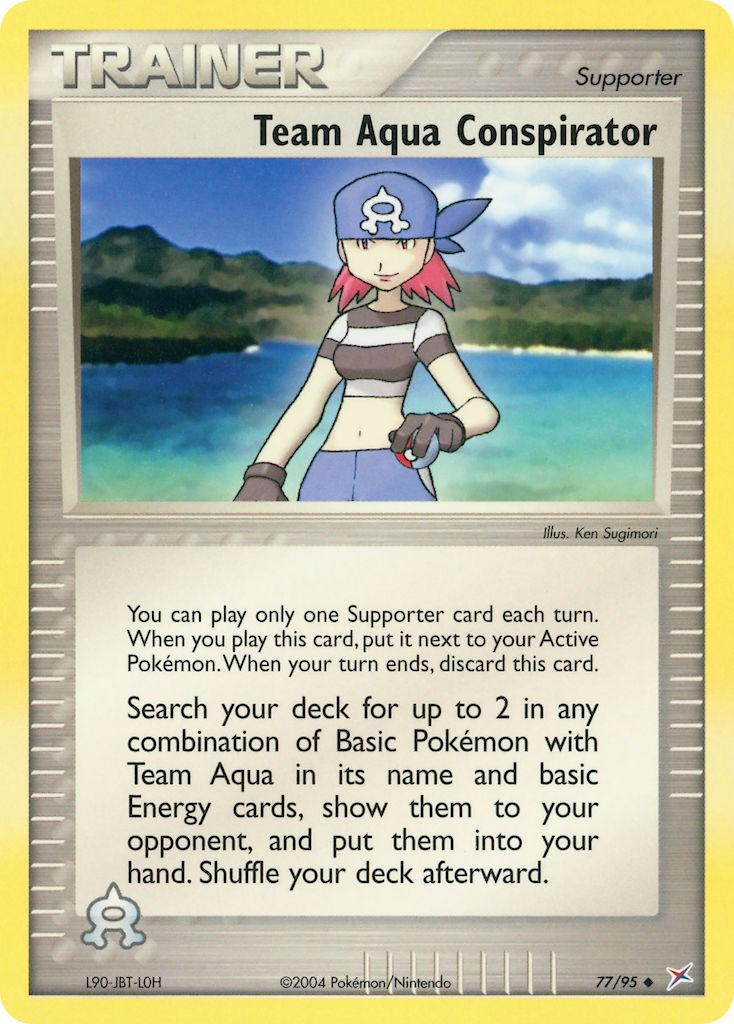 Conspirator #77 Pokemon Team Magma & Team Aqua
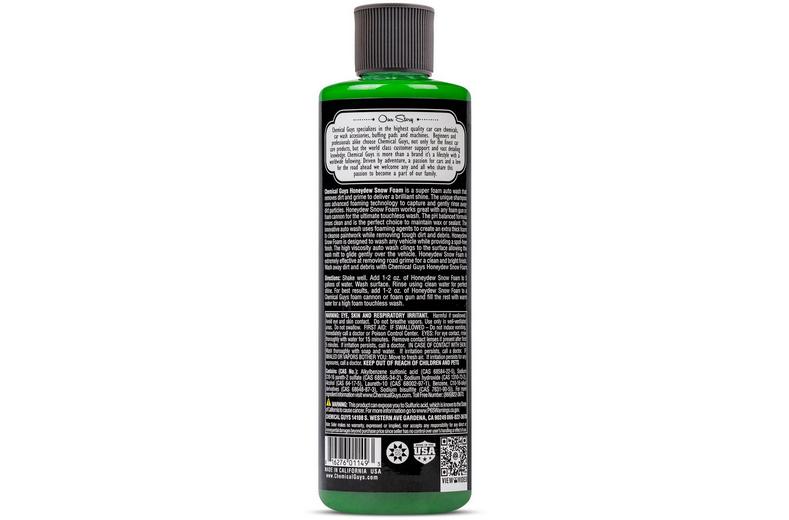 Chemical Guys Honeydew Snow Foam 16fl oz Chemical Guys Honeydew Snow Foam 16fl oz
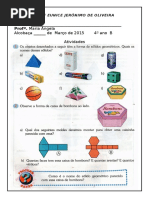 4º Ano - Sólidos Geométricos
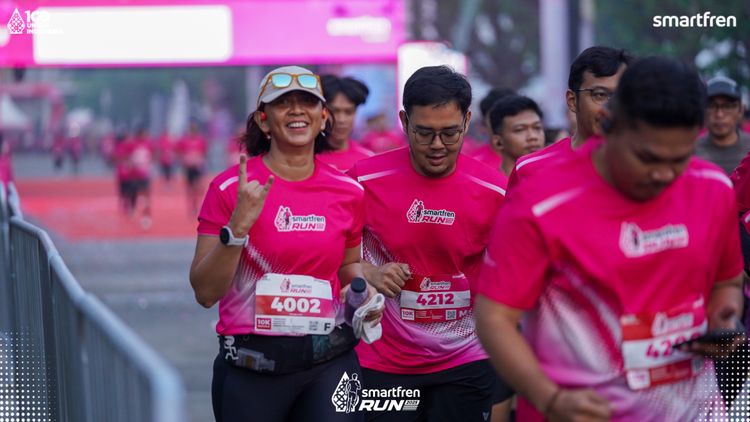 Race photo from Smartfren Run 2025 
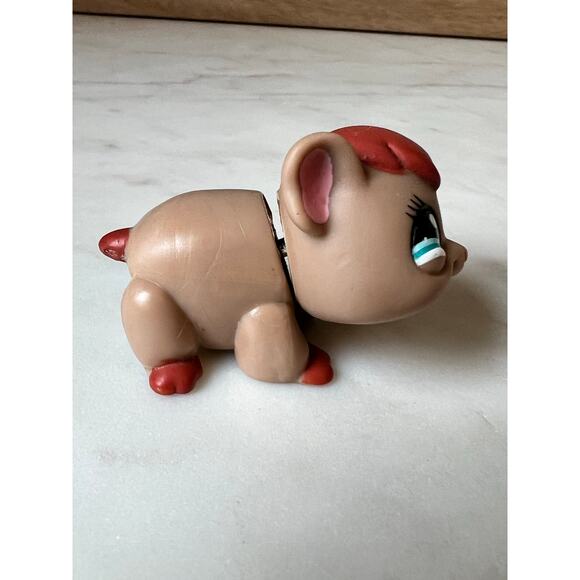 Littlest Pet Shop Brown Blue Eyes Guinea Pig #1193 LPS 2007 - Picture 6 of 6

#####

*Action item*: Each line from the one containing "Race photo from Smartfren Run 2025" to the final line of the data must be printed exactly, both included, with nothing else and no pictures.

*Exercise result*:
 Race photo from Smartfren Run 2025 
 Littlest Pet Shop Brown Blue Eyes Guinea Pig #1193 LPS 2007 - Picture 6 of 6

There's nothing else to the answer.